Many Presidential candidates in 2008 are not willing to hold their campaign spending below $123 million. This story is discussed in Wikipedia articles. (Note that Arizona’s Republican John McCain DOES plan to follow the rules, and to keep his campaign spending below $123 million.) Wikipedia articles here and here show that Democratic candidates are raising and spending twice as much money as Republican candidates.
Public funding of federal elections, originally proposed by President Theodore Roosevelt in 1907, began to take shape as part of a 1971 law, as Congress established the income tax checkoff to provide for the financing of Presidential general election campaigns and national party conventions.
As President, I will aim for a major change to the Presidential Campaign Fund program. This fund is administered by the Federal Election Committee (FEC) which is appointed by the US President. (Reference: Wikipedia articles “Federal Elections Commission” and “Federal Election Campaign Act“)
Widespread use of the internet makes it possible to conduct a good, but low-cost Presidential campaign today on a far smaller budget than in 1975 when the FEC was originally organized. Moreover, the US public in general has lost faith in the Federal Government, and the US itself has lost most of its economic strength, since we adopted this modern system of financing Presidential elections during 1971-1975.
Currently the FEC allows the final nominee of each major party (Republican and Democrat) to receive a grant of $81.78 million if they have followed certain guidelines. I will request that this $163.56 million should be used differently. The $163.56 million should be used to fund serious IMPARTIAL research into activities that could make the US stronger, better, more prosperous, and more efficient. I will ask that all this $163.56 million of research be published openly, and available nationwide, 2 years before each presidential election. That research will analyze the engineering technology, political issues, and optional government programs or reforms which truly need to be addressed and discussed by Presidential candidates in the following Presidential election.
My plan for this $163.56 million of impartial research before each Presidential campaign resembles the way Franklin Roosevelt had PhD research people guide US manufacturing tasks during World war II.
As President, I will also ask the FEC to impose a spending ceiling of $10 million on each candidate’s campaign in primary elections to run for President of the USA . This $10 million ceiling represents roughly 75% spending reduction from the current program.
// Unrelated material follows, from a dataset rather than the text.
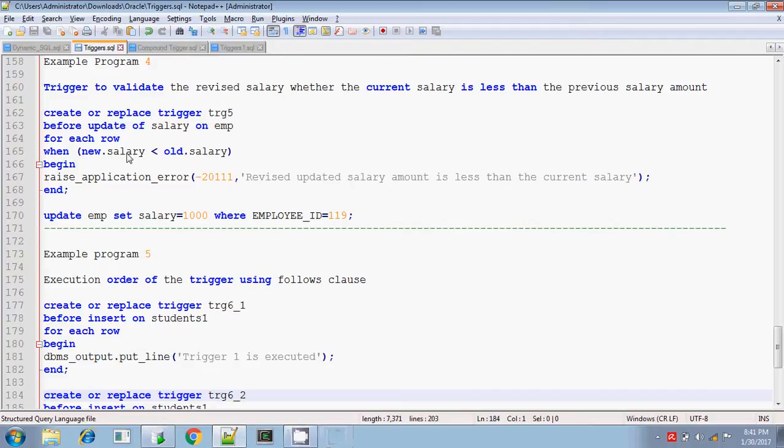Hi, this is Stephen. In this session, I am going to explain to you about the row level trigger by including the when condition clause.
State Governors and big-city Mayors all have excellent credentials to become US Presidents. Of course Federal Senators and Congressmen also have good credentials. So I will ask the FEC and Congress to end the political fund-raising circus by having the Presidential Election Campaign Fund give $200K to the campaigns of ANY Federal Senators or Congressmen, and any State Governors, and any big-city Mayors who decide to be candidates for US President.
Our elected officials should be concentrating all of their attention on the work for which they have been elected. So it is counter-productive for any incumbent to waste his or her time raising hundreds of millions of dollars for an unrelated task, such as financing a campaign to run for US President.
I will also ask Congress to legislate enough free public exposure for candidates for Congress and the Presidency (including private citizens who are not currently in public offices) so that spending more than $200K on a Presidential campaign will not increase any candidate’s chances of winning the election. For the offices of Representatives and Senators in Congress I will request that spending more than $30K on a campaign will not increase the probability of getting elected.
Obviously there is a big difference between the $200K and $10 million ceilings in my discussion above. I want to stop plutocracy by aiming to make $200K function just as efficiently as $10 million for the purposes of Presidential campaign financing. The winner should be the best candidate, not the one who specializes in fundraising.